TASK TO COMPLETE: Leave the pictures out and repeat the rest of the data below exactly.

INFORMATION SHOWN:
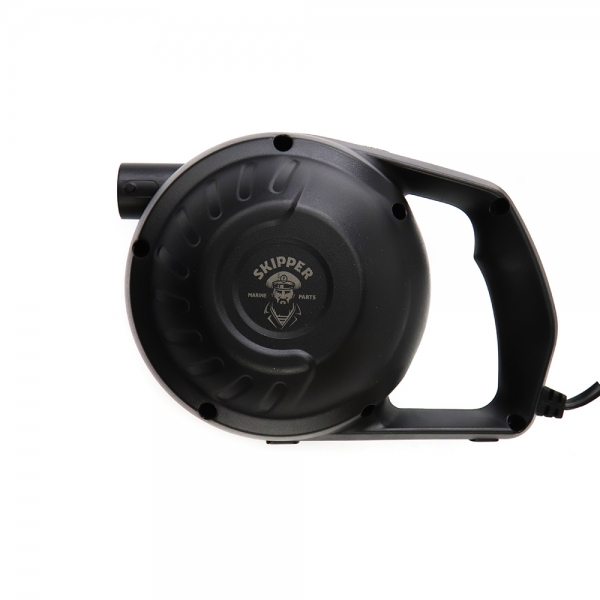 ЭЛЕКТРИЧЕСКИЙ НАСОС SKIPPER SK-386 в Альметьевске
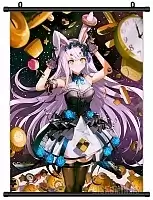 ������� �������� �������� ���� - ���������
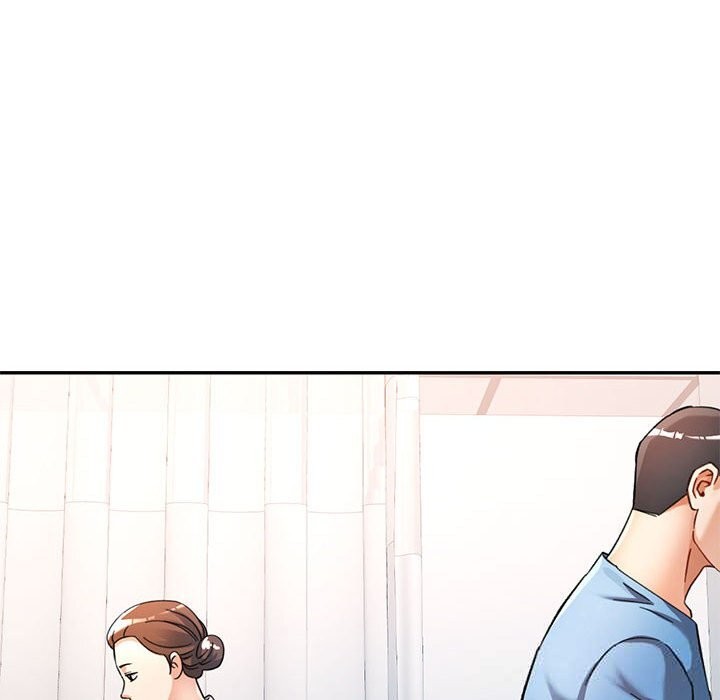 60P - 可以爱你吗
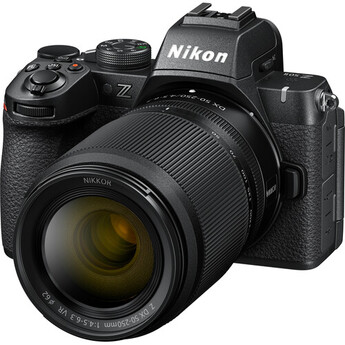 Nikon 1788 11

RESULT:
 ЭЛЕКТРИЧЕСКИЙ НАСОС SKIPPER SK-386 в Альметьевске
 ������� �������� �������� ���� - ���������
 60P - 可以爱你吗
 Nikon 1788 11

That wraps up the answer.